Instance A recovers from network partition (didn't actually crash):
Instance A tries to write with epoch 5.
Broker rejects: "InvalidProducerEpoch. Current epoch is 6."
Instance A is fenced → cannot write.
Only Instance B (epoch 6) can write. Data integrity maintained.
RULE: One transactional.id = one active producer at a time.
Consumer Isolation Levels
Exactly-once on the consumer side requires using isolation.level=read_committed. Without this, consumers can read messages from in-progress or aborted transactions, breaking the exactly-once guarantee.
ISOLATION LEVELS:
read_uncommitted (default):
Consumer reads ALL messages, including:
- Messages from committed transactions ✓
- Messages from aborted transactions (should be invisible!) ✗
- Messages from in-progress transactions (incomplete!) ✗
Risk: Consumer processes data that gets rolled back. Inconsistency.
read_committed:
Consumer reads ONLY:
- Messages from committed transactions ✓
- Non-transactional messages (produced without transactions) ✓
Consumer SKIPS:
- Messages from aborted transactions ✓
- Messages from in-progress transactions (waits for commit/abort) ✓
Trade-off: Consumer must wait for transactions to complete before
reading those messages. Small added latency per transaction.

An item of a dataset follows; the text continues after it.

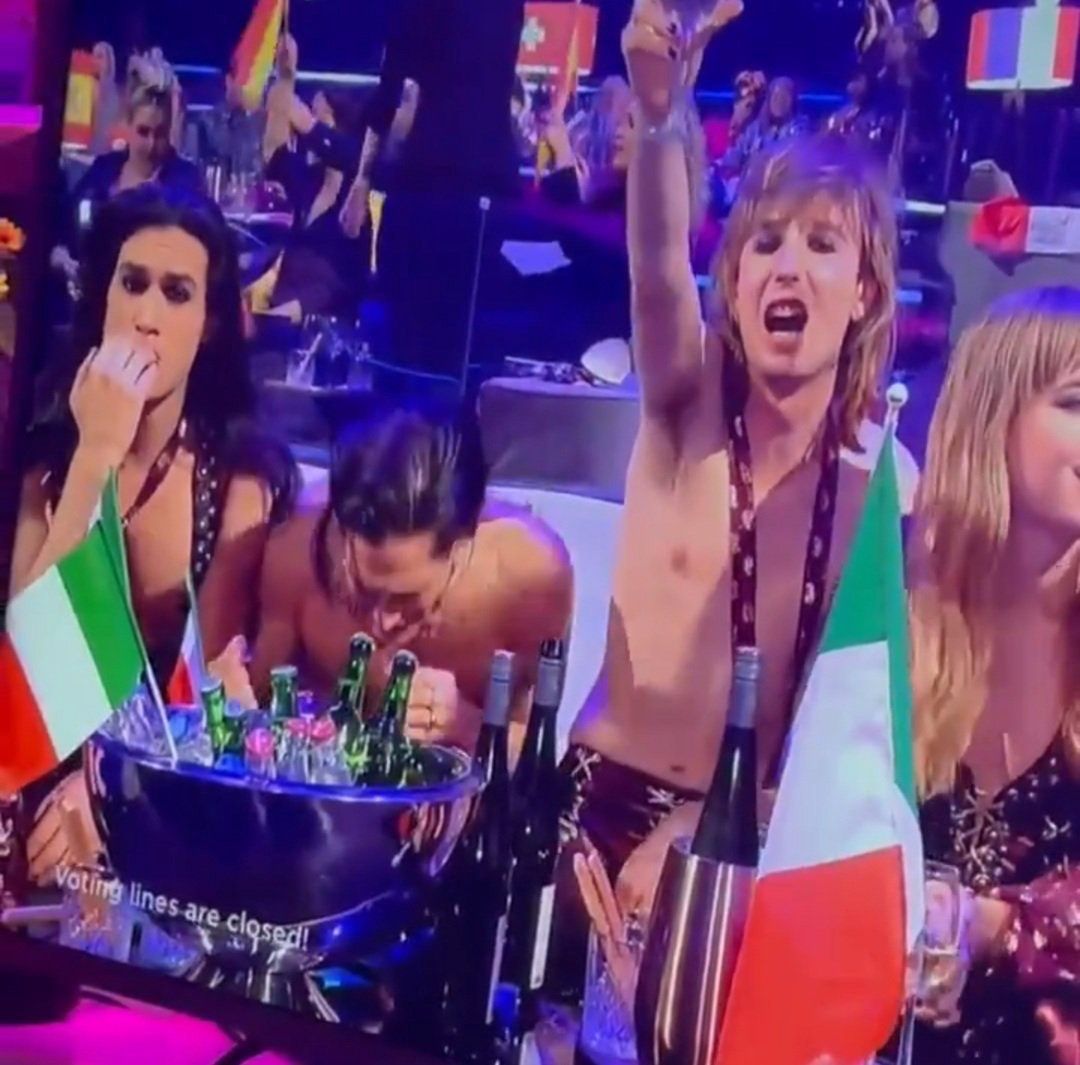 Damiano David z Maneskin jest posądzany przez internautów o wciąganie kokainy podczas finału Eurowizji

Exactly-Once in Practice: Performance Considerations
Exactly-once semantics come with overhead. Transactions add coordination steps (two-phase commit), and read_committed consumers have slightly higher read latency. The actual overhead varies, but benchmarks typically show a 20-40% throughput reduction compared to at-least-once. Plan your capacity accordingly if you require EOS.
EOS PERFORMANCE TRADE-OFFS: Higher safety → lower raw throughput (for same hardware): at-most-once (acks=0): ~maximum throughput, highest risk at-least-once (acks=1, retries): ~90% of maximum, low risk exactly-once (transactions): ~60-80% of maximum, no duplicates/loss For financial systems: throughput reduction is acceptable cost of correctness. For high-volume analytics: at-least-once + idempotent consumers often sufficient.
Key Points
- Exactly-once semantics guarantees each message is processed and its effect applied precisely one time — no loss, no duplicates.
- EOS requires two components: idempotent producers (prevent broker-side duplicates) and transactions (atomic read-process-write across partitions).
- The transactional.id uniquely identifies a producer's role. New instances fence stale zombie producers using epoch numbers.
- sendOffsetsToTransaction() commits the consumer group offset inside the transaction, making the read and the write atomic.
- Consumers must use isolation.level=read_committed to skip aborted and in-progress transaction messages.
- Kafka Streams simplifies EOS with a single configuration: StreamsConfig.EXACTLY_ONCE_V2. It handles all transaction lifecycle management automatically.
- EOS adds 20-40% throughput overhead. Use it where data correctness is non-negotiable. Use at-least-once with idempotent consumers for high-volume scenarios where duplicates can be tolerated or deduplicated.